Pro AV was at the store’s opening. See the video here.

“The more up-front information we can learn about the installation environment, the more our custom design and manufacturing teams can adapt the design to accommodate it,” said Rich Pierro, director of manufacturing at Premier Mounts, when the project launched.

“Sites are all different,” Fusaro says. “You have to make sure you pay attention to what they’re made of, the challenges they present, and how you’re going to overcome them. You don’t want to be surprised. The last thing you want to do at implementation is try to rework your design to make it fit the site.”

For VideoSonic’s Glenn Polly, the site of his company’s latest videowall was a landmark building—one that presented an inflexible limitation. Tavern on the Green in New York’s Central Park no longer serves as a restaurant, but the city recently cut the ribbon on a new visitor’s center there and wanted a way to display its own video content in a compelling way. Inside the center’s gift shop, NYC & Company, the city’s marketing and tourism group, wanted a curved videowall built of LCD panels that had been donated by Sony. The limitation? The section of curved wall the client was eyeing was itself structurally bound by physical walls. The display had curve and fit in a fixed space.

“We got a good lesson in installing screens in a curved radius and within boundaries,” says Polly. “As you increase the radius, the circumference grows. So there was a lot of trial and error getting the screens to line up perfectly while still fitting inside the envelope.”

VideoSonic installed a 1×15 videowall of 47-inch Sony LCD displays. Though not perfectly curved (Polly calls it “a curve with flat facets”) it achieves the look the city wanted. “Writing content for a 1×15 videowall, you have to be very creative. A lot of stadiums have that look.” Polly says. NYC & Company is just starting to create the content for the new wall.

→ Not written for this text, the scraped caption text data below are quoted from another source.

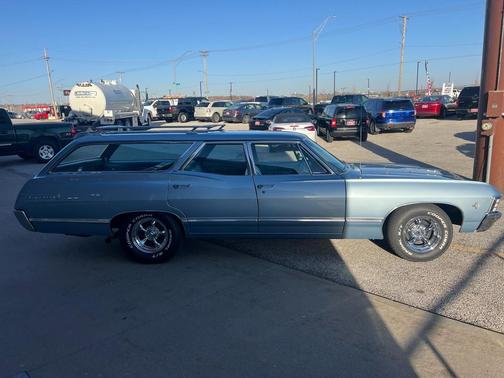 1967 Chevrolet Impala Base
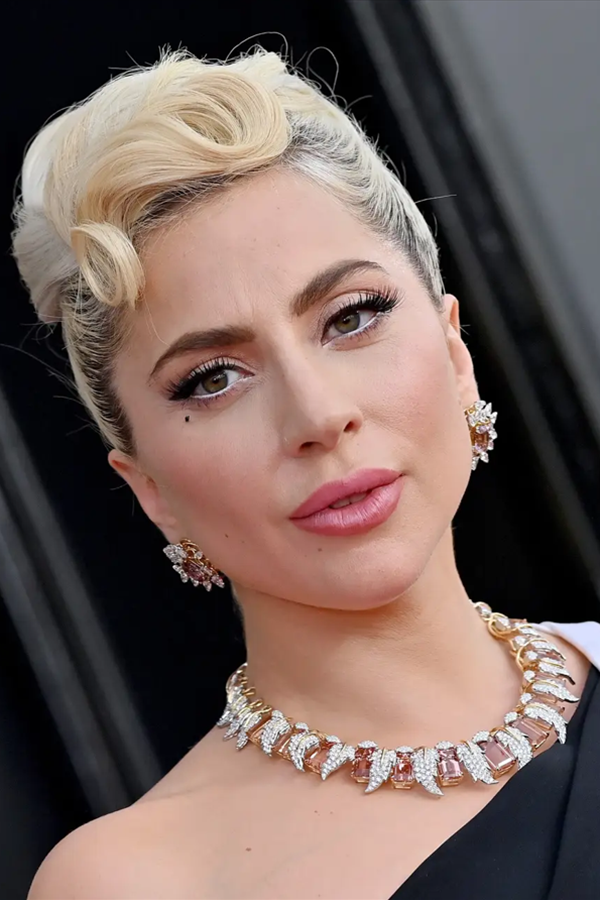 Lady Gaga no elenco de "The Devil Wears Prada"? Lady Gaga no elenco de "The Devil Wears Prada"?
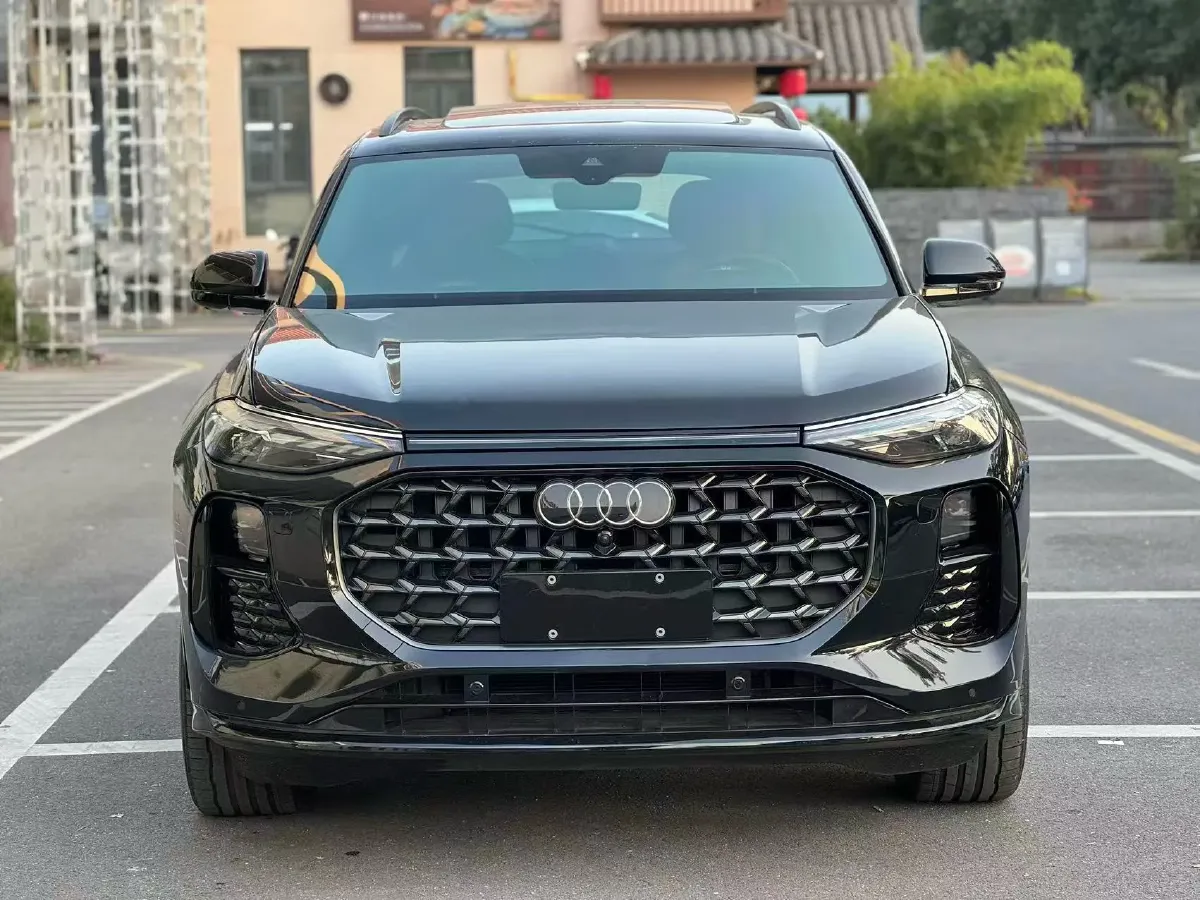 2024 Audi Q6 2.0T 265HP L4 7DCT,autocango,china used car exporter,china ev exporter,chinese used car exporter,chinese used ev exporter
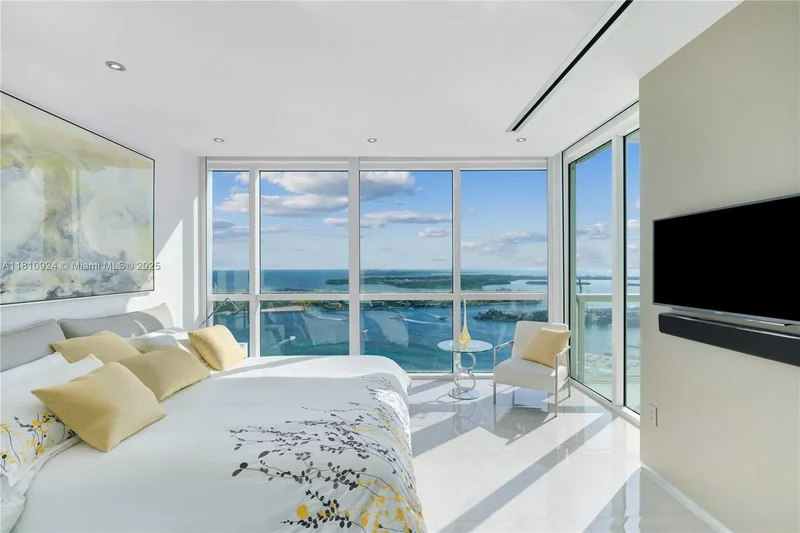 450 Alton Rd PH1, Miami Beach, Florida, United States. - Photo 35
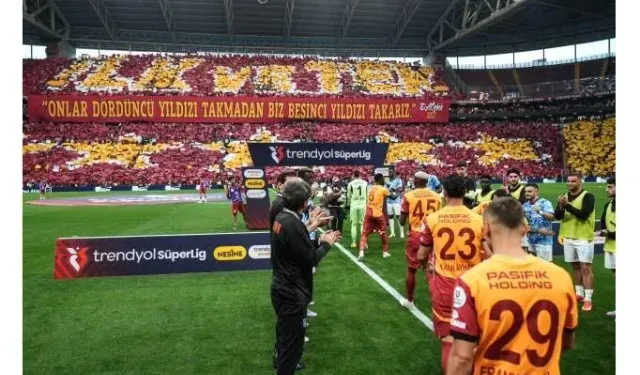 Başakşehir'den örnek davranış: Şampiyona alkış!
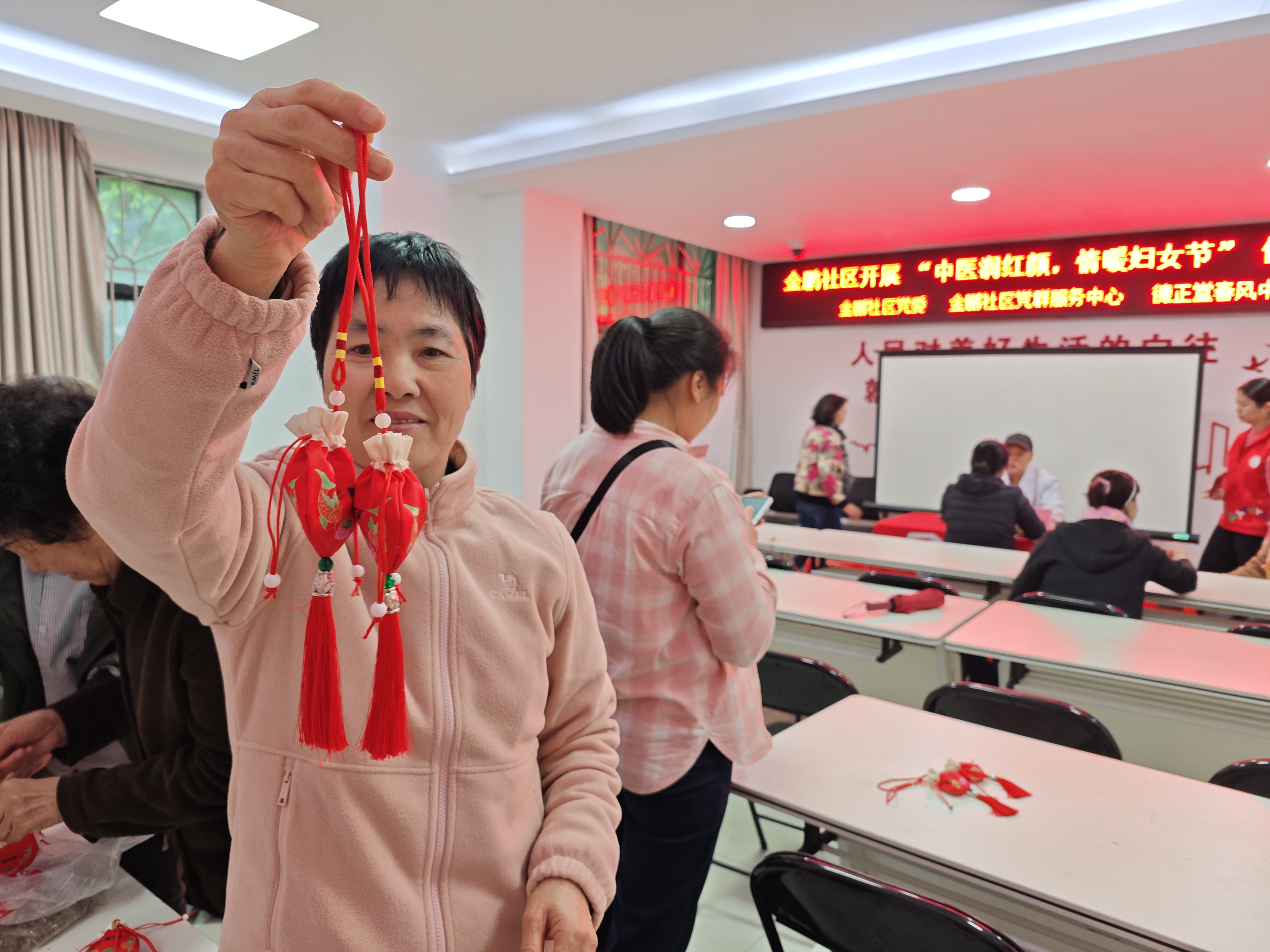 20250307 “中医润红颜，情暖妇女节” 金鹏社区健康服务活动4.jpg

Tavern on the Green’s wall is among the first to use Sony Ziris Canvas software, which Sony developed to help designers and integrators build non-traditional displays. The company has demonstrated the system’s capabilities on videowalls comprising panels of different sizes and orientations, and hung at different angles, but with video and graphics shown seamlessly across the layout. VideoSonic’s wall wasn’t as radical as some, but it still needed Ziris to compensate for gaps caused by the diplays’ bezels and to synchronize video on 15 screens.

Ziris runs on a server in the equipment room and stitches together video loops from the content NYC & Company provides. The end user can simulate what the video will look like on a computer screen before scheduling it to play. Ziris then pushes content, playlists, and synchronization information over Ethernet to 15 Sony PlayStations, one behind each display.

“PlayStation number eight is the one in the center. The audio track plays there and then goes out to the speakers,” Polly explains. “Now, we could add another track to create surround-sound or immersive sound, but you wouldn’t want audio from all the machines playing at once. It’s easier to time video than video with audio. The audio could get delayed and introduce latency. That’s why we used one source for the audio.”

Using a relatively low-cost playback device at each screen gave VideoSonic the performance it needed. “What goes in goes out and you’re not asking the central processor or the monitor to do anything that they don’t do very well,” Polly says.

And the client gets just the look they want. Because at the end of the day, after factoring in the software required to achieve a look, the optimal content, and the physical location a videowall must fit in, it’s the client’s vision you’re making a reality. AV integrators who specialize in videowalls say demand is only increasing and, more often than not, the designs they’re asked to execute are pieces of art or commercial architecture.

“Expectations have grown,” says Three Byte’s Keitel. “But we’re fortunate that the creative people we work with have the time and energy. And as long as they have the resources, we can make almost anything happen.”